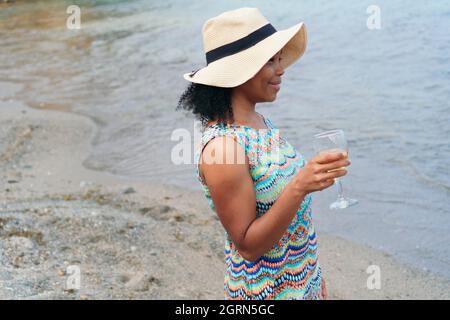 Woman holding a glass of wine with the sea in the background Stock Photo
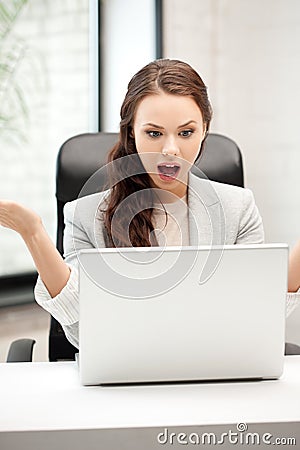 Happy woman with laptop computer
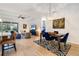 Open-concept living space with a dining area, comfortable seating, and modern decor at 14684 Cherry Blossom Way, Punta Gorda, FL 33955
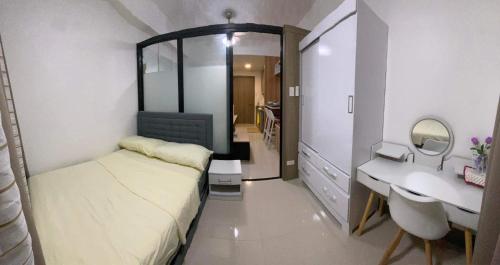 Cozy 1Br with Netflix & Balcony Pool View Condo في مانيلا: غرفة نوم صغيرة بها سرير ومغسلة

-=-=-=-=-

# BRIEF:
Would you restate all of the data above word for word, omitting the pictures?

# RESULT OF THE EXERCISE:
 Woman holding a glass of wine with the sea in the background Stock Photo
 Happy woman with laptop computer
 Open-concept living space with a dining area, comfortable seating, and modern decor at 14684 Cherry Blossom Way, Punta Gorda, FL 33955
 Cozy 1Br with Netflix & Balcony Pool View Condo في مانيلا: غرفة نوم صغيرة بها سرير ومغسلة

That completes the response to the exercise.